▶ [What the exercise asks]: Every line below from the one with "There are differences" through the one with "Hello guys, welcome" should be retyped exactly, both ends included; no other lines and no pictures.

▶ [Input data]:
○ ○ ○ ○ ○ ○ ○
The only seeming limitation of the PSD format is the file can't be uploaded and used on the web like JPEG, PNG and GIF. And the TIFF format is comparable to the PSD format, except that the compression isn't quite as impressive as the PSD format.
○ ○ ○ ○ ○ ○ ○
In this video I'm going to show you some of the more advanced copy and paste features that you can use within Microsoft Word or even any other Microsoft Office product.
○ ○ ○ ○ ○ ○ ○
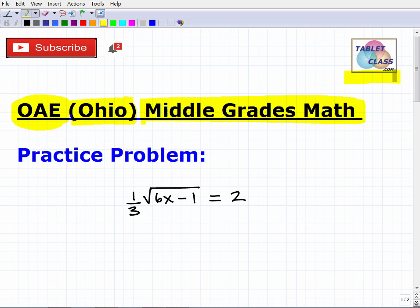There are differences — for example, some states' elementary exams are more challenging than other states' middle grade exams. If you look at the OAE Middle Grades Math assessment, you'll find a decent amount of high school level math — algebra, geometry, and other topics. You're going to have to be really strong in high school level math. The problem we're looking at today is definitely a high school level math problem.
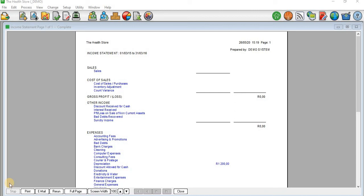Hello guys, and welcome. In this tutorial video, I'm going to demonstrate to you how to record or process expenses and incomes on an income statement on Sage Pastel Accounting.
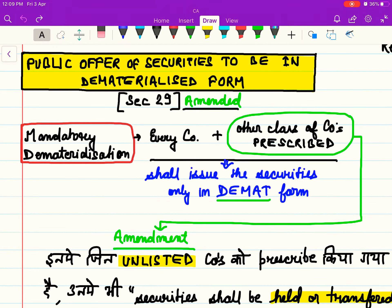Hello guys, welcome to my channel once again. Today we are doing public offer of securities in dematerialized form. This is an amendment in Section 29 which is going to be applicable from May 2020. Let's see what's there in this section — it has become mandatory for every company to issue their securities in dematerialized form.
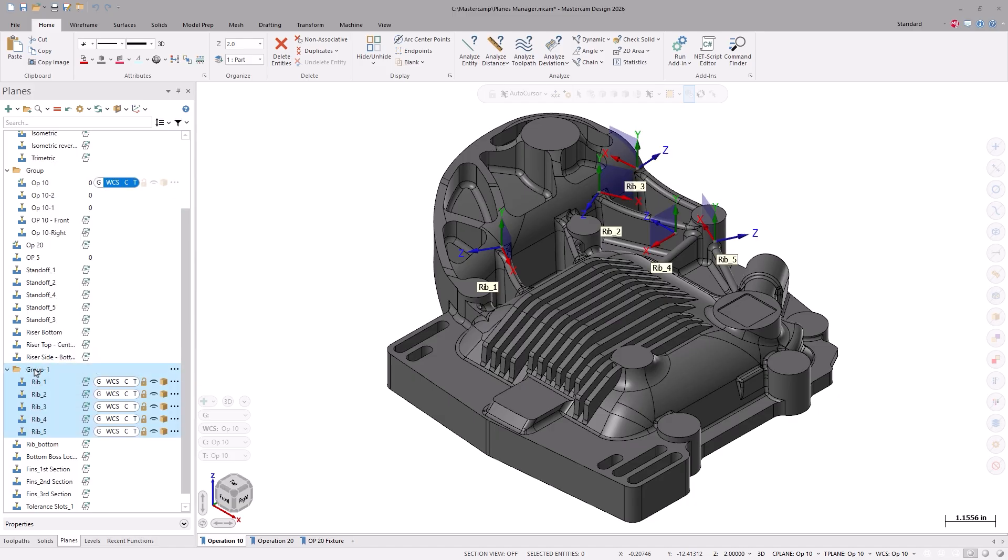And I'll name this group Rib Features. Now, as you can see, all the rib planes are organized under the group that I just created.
○ ○ ○ ○ ○ ○ ○
▶ [Answer below]:
There are differences — for example, some states' elementary exams are more challenging than other states' middle grade exams. If you look at the OAE Middle Grades Math assessment, you'll find a decent amount of high school level math — algebra, geometry, and other topics. You're going to have to be really strong in high school level math. The problem we're looking at today is definitely a high school level math problem.
Hello guys, and welcome. In this tutorial video, I'm going to demonstrate to you how to record or process expenses and incomes on an income statement on Sage Pastel Accounting.
Hello guys, welcome to my channel once again. Today we are doing public offer of securities in dematerialized form. This is an amendment in Section 29 which is going to be applicable from May 2020. Let's see what's there in this section — it has become mandatory for every company to issue their securities in dematerialized form.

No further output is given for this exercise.